Stored data:
▬▬▬▬▬▬

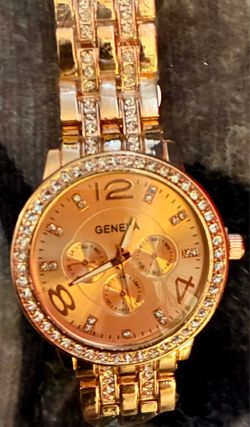 Geneva brass watch with diamonds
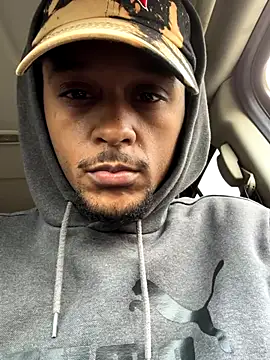 rayyymack online show from November 6, 2025, 5:28 pm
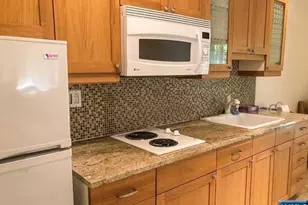 75 Myrtle Ave 1, Edgewater, NJ 07020 - Photo 28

▬▬▬▬▬▬

Please output the material above again, exactly, and omit every image.

 Geneva brass watch with diamonds
 rayyymack online show from November 6, 2025, 5:28 pm
 75 Myrtle Ave 1, Edgewater, NJ 07020 - Photo 28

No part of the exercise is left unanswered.